Saturday 2 June 2018

Ready Player One Read-Through: Introduction


All you need to know from my Goodreads review:



After some time to calm down and soul search, I'm finally ready to do this.

I cannot remember if a book has ever made me this angry before. Maybe not since 'Hush, Hush' by Becca Fitzpatrick, and 'Bitten' by Kelley Armstrong, has a published piece of literature sent me into an inexplicable rage and all-consuming hatred not just of its content, but most importantly, its messages. Its dangerous, toxic messages.

Because 'Ready Player One' is toxic. And it should come with many trigger warnings.

It represents everything wrong and harmful not only in fandom today - not only in gaming and pop culture - but in our culture at large. Our still-frustratingly, predominately, oversaturated heterosexual white cisgender male culture and how it stubbornly persists in catering to that same niche group of the human race. 'Ready Player One' is a mirror into our internet and political age, and it does not look hopeful. In fact it seems content with the way things are right now; it enables issues such as bigotry, ignorance, male power fantasies, male entitlement, toxic masculinity, never growing up and accepting change, never being an adult, never facing reality, male fragility, and male violence.

And what makes it all worse is that most people I know - people who are feminists - love this book. They don't seem to realize or care that 'Ready Player One' is a "geek fantasy" that only caters to a very limited and exclusionary area of geek and pop culture fandom. Whose nostalgia is it for? Eighties white fanboys. Everything and everyone else don't matter - they don't exist according to this dystopia-that-doesn't-realize-it's-a-dystopia set in the 2040s. The eighties, with all its maleness and male power fantasy cliches, is the one true geek decade, according to the author of 'Ready Player One'. No one is allowed to disagree.

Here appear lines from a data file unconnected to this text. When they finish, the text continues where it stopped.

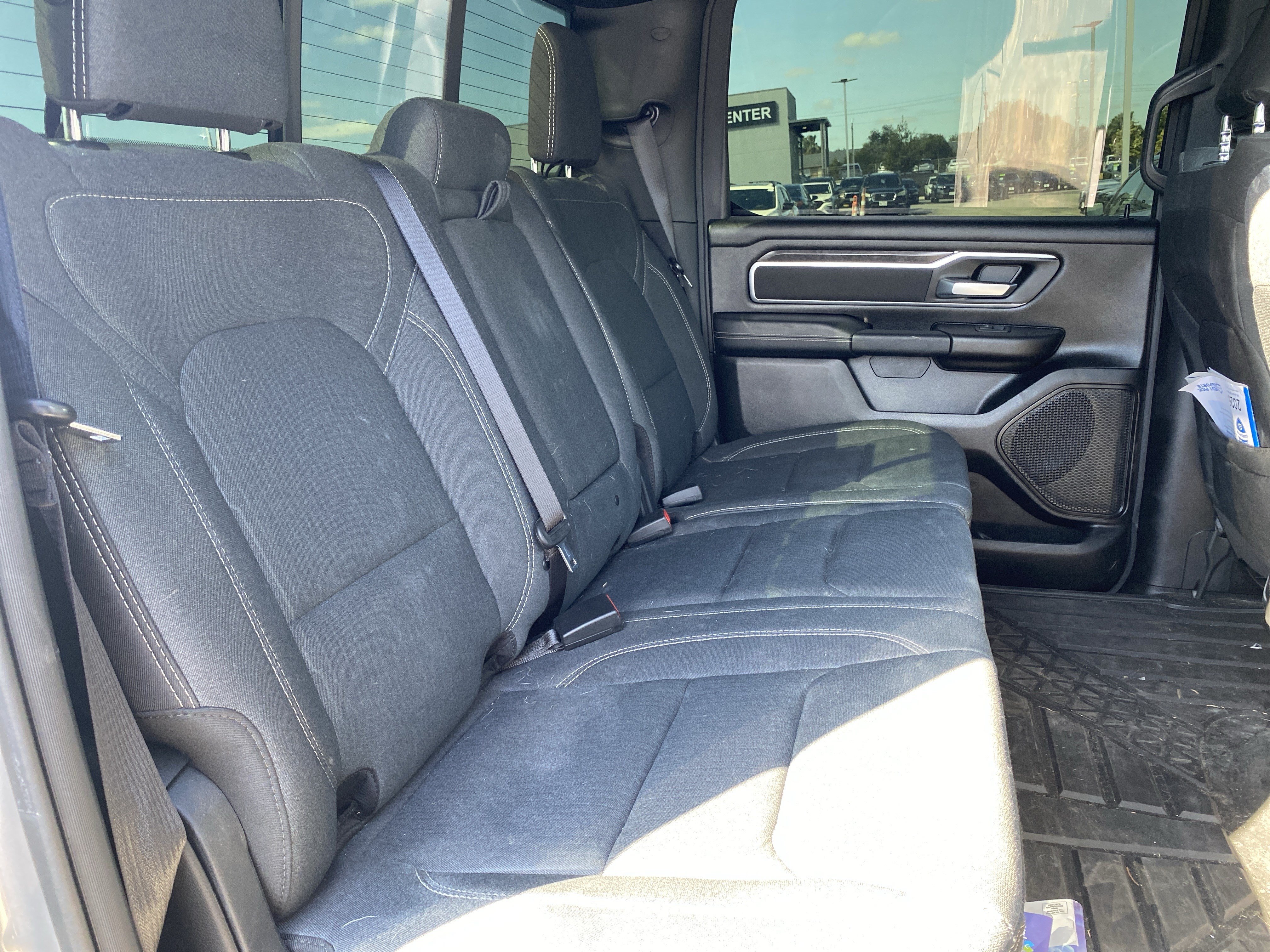 Used 2024 RAM 1500 Lone Star AWD/4WD image 14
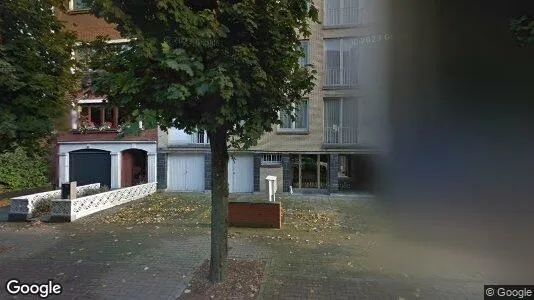 Apartments for rent in Brussels Sint-Lambrechts-Woluwe - Photo from Google Street View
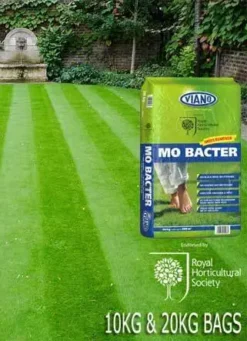 RHS Viano Lawn Care MO Bacter Organic Lawn Fertiliser 20kg Bag 8 RHS Viano Lawn Care MO Bacter Organic Lawn Fertiliser 20kg Bag -Grosafe Shop mo bacter rhs endorsed 2 jpg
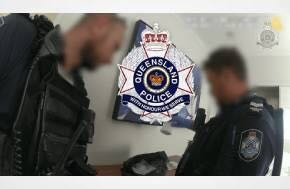 Two people have been charged with dangerous drug offences following a search warrant at Airlie Beach on 16 February.
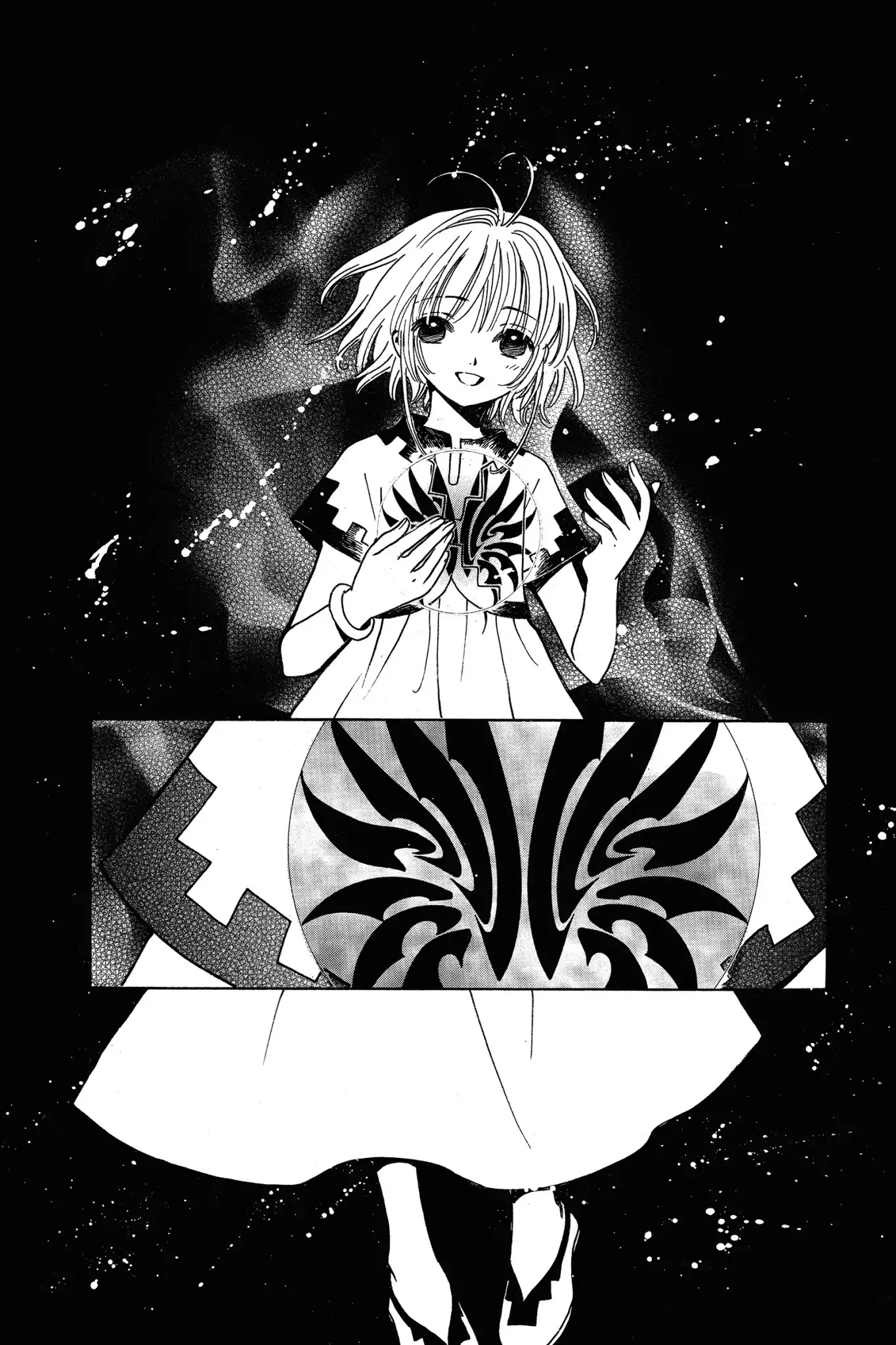 Tsubasa: Reservoir Chronicle Chapter 198 page 10 - Chapter 198: The Unseen Mark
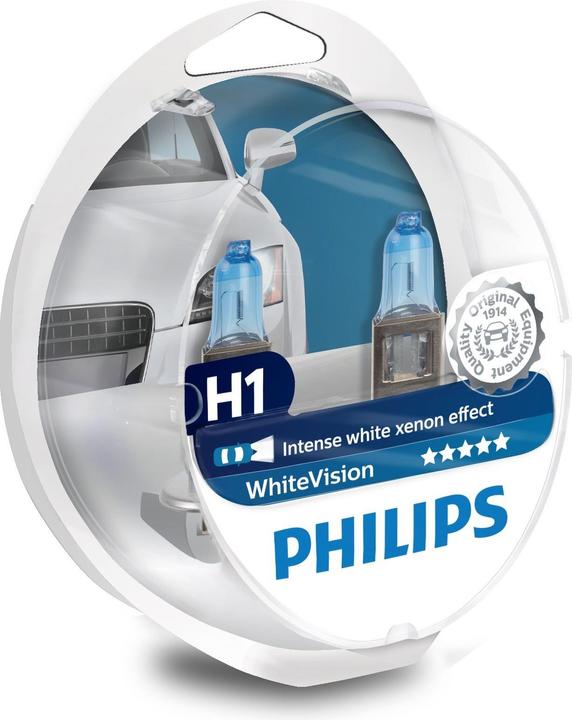 Produktbild Philips White Vision (H1)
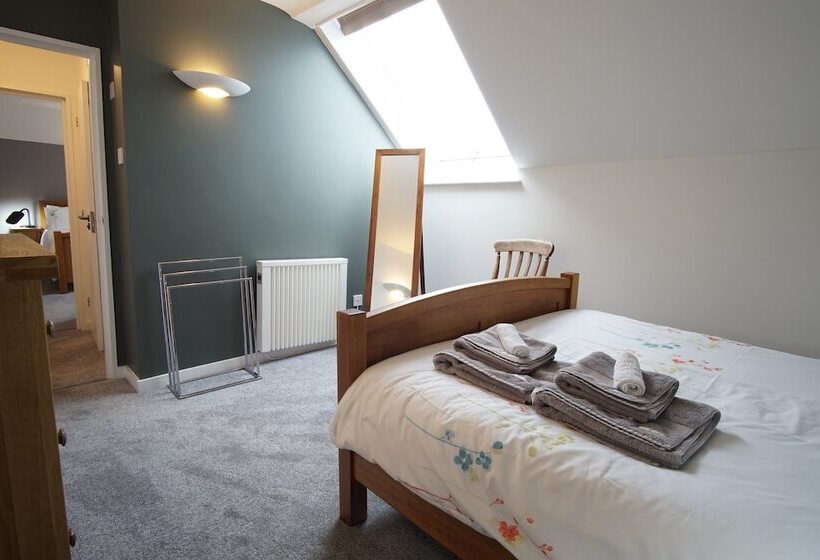 Stunning Exeter Apartment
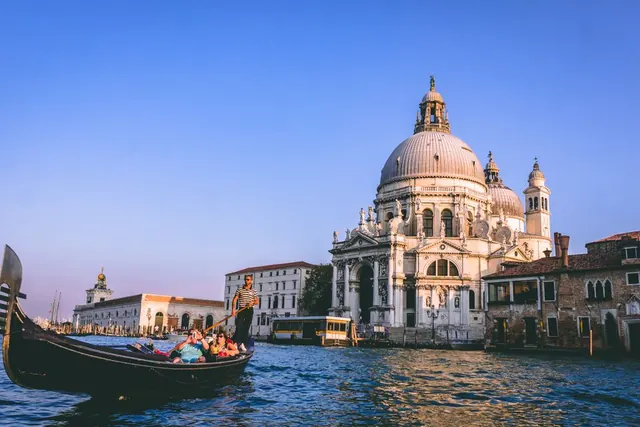 Venice Gondola Ride & Grand Canal Tour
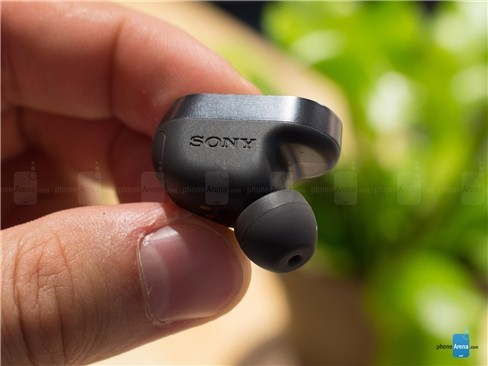 Chiêm ngưỡng tai nghe không dây Sony Xperia Ear ảnh 7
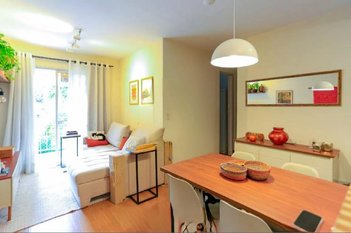 apartment em Rua Eulo Maroni, Vila Lageado - São Paulo - SP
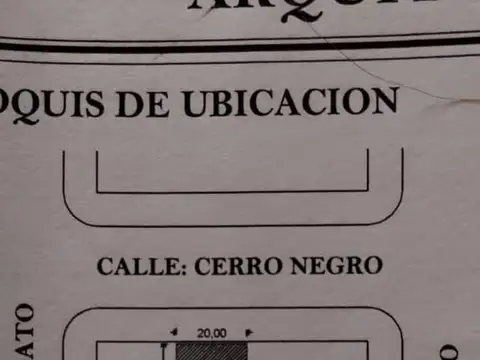 Casa en Venta 11 años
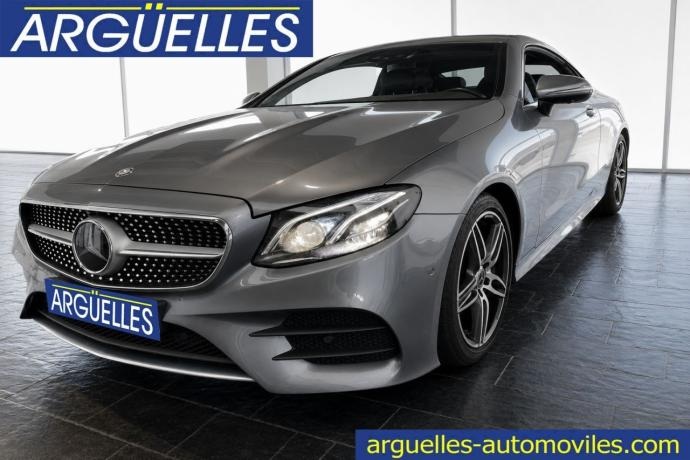 MERCEDES-BENZ E E 400 Coupe AMG Line Premium Plus 4Matic 333cv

Doesn't that sound incredibly narrow-minded, immature, selfish, self-indulgent and elitist to you? Not to mention stunningly, stubbornly un-creative. The rise of the underdog story is not and never really has been anything new in storytelling, especially if the main characters are still white and mostly male, plus adding in token minorities with very little effort made to characterizing them. 

'Ready Player One' is ultimately about toxic nostalgia, and it doesn't even know it.

Now, I didn't grow up in the eighties, so that particular zeitgeist would escape me. But I would never claim that the nineties is the best decade ever and that it produced the best pop culture media ever just because I grew up at that time. I mean, everything would seem great when you are a kid: because everything was new to you then. What excuses this book? 

In my opinion, if you want to read a fun book about geeks and geek culture that manages to be up to date and takes seriously the toxic issues surrounding fandom - where straight, white and male are clearly not the default - I recommend reading 'Queens of Geek' by Jen Wilde instead. Heck, if you want a story that celebrates arcade games and gaming culture going back to the eighties, that at the same time acknowledges that gaming has evolved and become more inclusive since the basement-dwelling days of 1983, just watch 'Wreck-It-Ralph'.

I care about pop culture and positive representations in media being used as a vehicle for positive change in our society and politics. I consider myself a geek. That's one of the reasons why I care enough to rant about this popular book "for geeks". I consider it an offence against myself and everything I believe in.

'Ready Player One' has made me so angry, so upset, that I have decided to do something that I have never done before: I am going to do a chapter-by-chapter read-through of it on my blog, in an effort to clearly make my case everything wrong and harmful in it. I ended up using over 300 post-it stickers noting the problematic content. It may take a long time as I make updates, but hopefully I will be able to specifically make my point as I force myself through it all again. I am not doing it for myself, but for others - for people who have read the book and people who haven't, so that they can come to their own conclusions regarding the novel's content, based on what information I reveal.

Fuck this book and everything it stands for.



So yes, my project is about reading through the forty chapters of Ready Player One by Ernest Cline, and pointing out things in them that I view to be problematic. Feel free to disagree with me, as it is overall my personal opinion on the piece.

Disclosure: I have not seen the film adaptation by Steven Spielberg, nor do I want to see it anytime soon and give money to it. From what I could gather from the reviews I've seen and read, it looks like it could be better than the book, though not by much. Either way, I won't be comparing the film to the book in this read-through, because it is the book that I will be criticizing.

Also, I am not a gamer. I am more of a reader kind of geek, so expect no gaming insights from me here; no more than what the book tirelessly gives.

When it comes to the famous (or infamous, depending on how you look at it) references Ready Player One is known to make, I have not seen every single eighties movie ever, and I will not be pointing out all of them as they appear on a page, because that would make this experience even more tedious and self-indulgent than it already is, and I would like to come out of this with at least a significant bit of my sanity left intact.

Well, without further ado, lets dive headfirst into the exercise in eighties male-centered geek masturbation that is, Ready Player One.